**Exercise aim:** Only the pictures should be dropped; every line of the data must come back exactly as written.

**Data extract:**
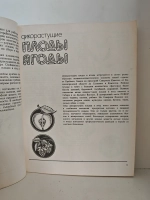 Дикорастущие плоды, ягоды, грибы. Каталог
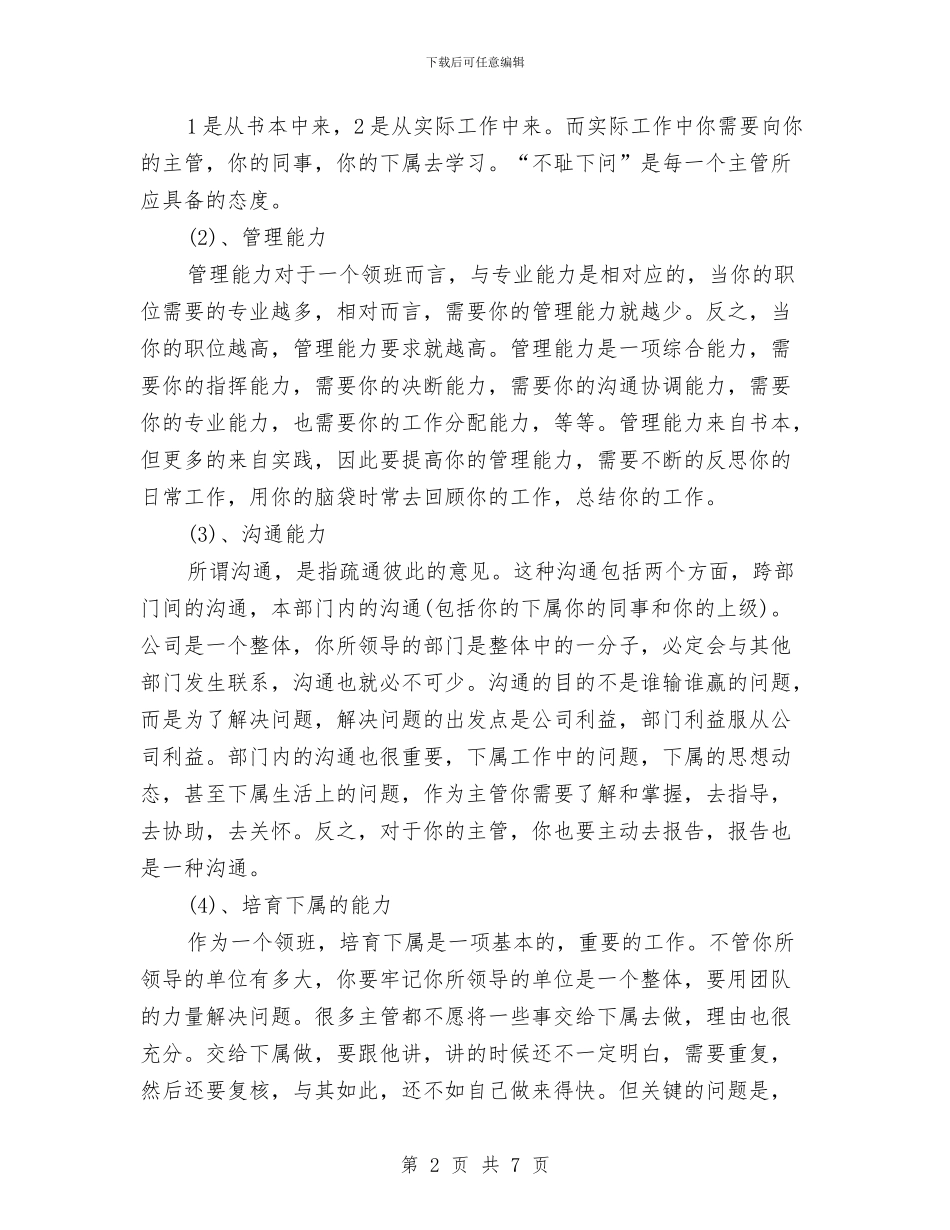 超市主管工作总结与超市会计个人工作总结汇编_第2页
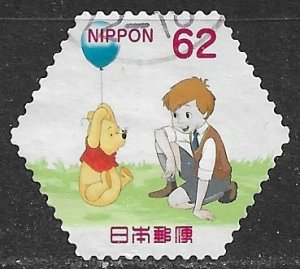 Japan ~ Scott # 4223h ~ Used ~ Winnie the Pooh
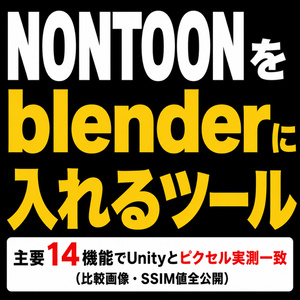 NonToonをBlenderに入れるツール - Unityと同じ見た目のままレンダリング【.mat読込/全14ケース実測一致/非公式】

**Reply to the exercise:**
 Дикорастущие плоды, ягоды, грибы. Каталог
 超市主管工作总结与超市会计个人工作总结汇编_第2页
 Japan ~ Scott # 4223h ~ Used ~ Winnie the Pooh
 NonToonをBlenderに入れるツール - Unityと同じ見た目のままレンダリング【.mat読込/全14ケース実測一致/非公式】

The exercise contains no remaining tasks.